Quem é Sohei Kamiya?
Kamiya, ex-gerente de supermercado e reservista das Forças de Autodefesa, fundou o Sanseito em 2020, em plena pandemia. Ganhou visibilidade com vídeos no YouTube que espalhavam teorias conspiratórias sobre vacinas.
Ele se diz influenciado por Trump. Em um vídeo, falou sobre o “estado profundo”, dizendo que há grupos ocultos no governo, na mídia e no setor médico que manipulam o país.
Durante a campanha, fez declarações polêmicas, como criticar as políticas de igualdade de gênero, dizendo que elas impedem as mulheres de terem filhos.
Emoção acima das ideias?
Para o professor Kingston, o sucesso de Kamiya se deve mais à emoção do que às propostas:
“É a paixão, a forma como ele fala, o uso das redes sociais. As pessoas pensam: ele pode não estar certo em tudo, mas vai mudar as coisas.”

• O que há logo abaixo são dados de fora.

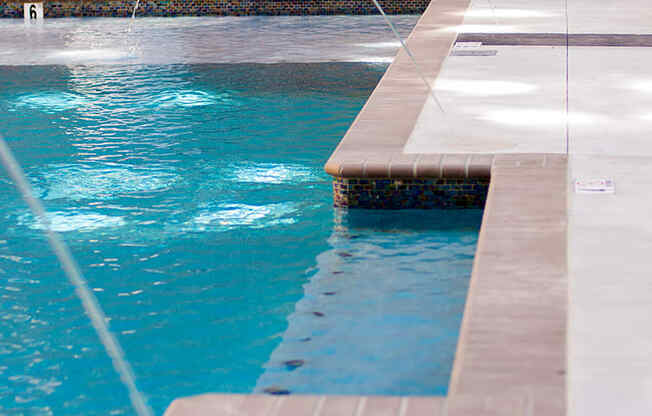 two white fountains in a swimming pool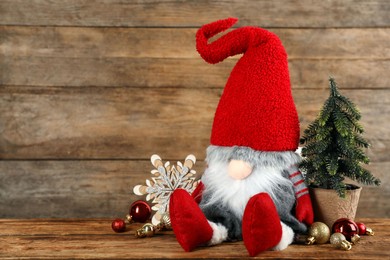 Cute Christmas gnome and festive decor on table against wooden background. Space for text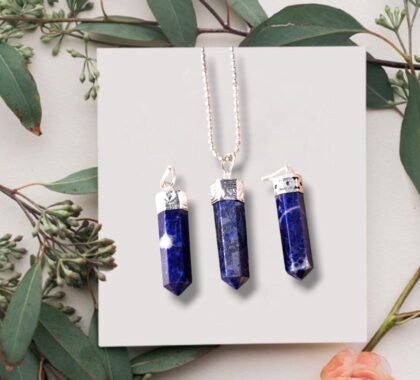 Natural Lapis Lazuli pencil pendant with deep blue color and golden pyrite inclusions.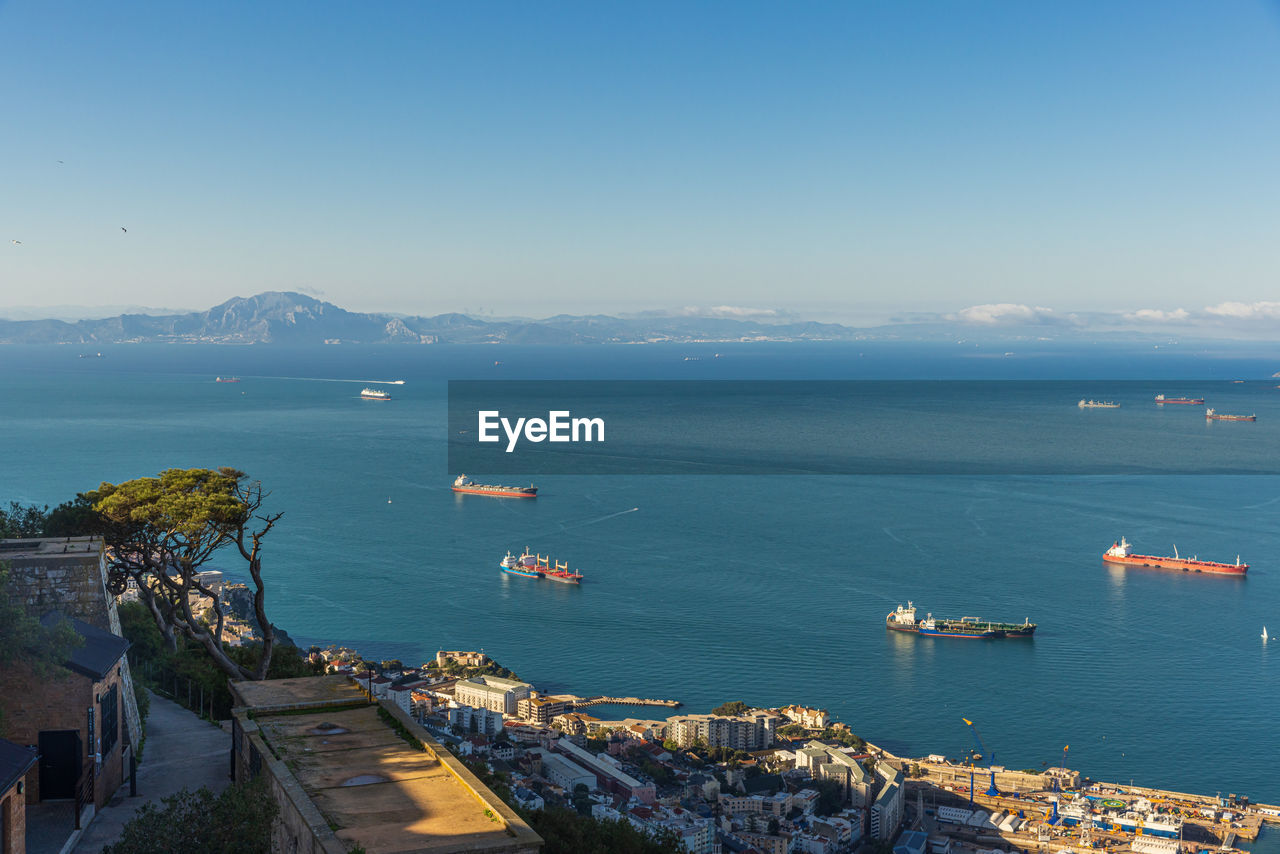 high angle view of sea and buildings against sky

Parte da base conservadora do LDP também migrou para o Sanseito, por sentirem que o partido já não representa a direita de verdade.
O ex-primeiro-ministro Shinzo Abe, assassinado em 2022, representava essa ala mais radical e mantinha esses eleitores no partido.
Agora, sob a liderança mais moderada de Ishiba, o LDP enfrenta uma crise de identidade.
Conclusão
Ainda é cedo para dizer se essa onda populista vai se consolidar no Japão. O LDP continua sendo a maior força política e tem vasta experiência, especialmente em relações exteriores.
Mas o sucesso do Sanseito deixou um recado claro: os eleitores não podem mais ser dados como garantidos.
O Japão sempre prezou pela estabilidade — mas uma nova geração quer mudança. Mesmo que ainda não saiba exatamente qual.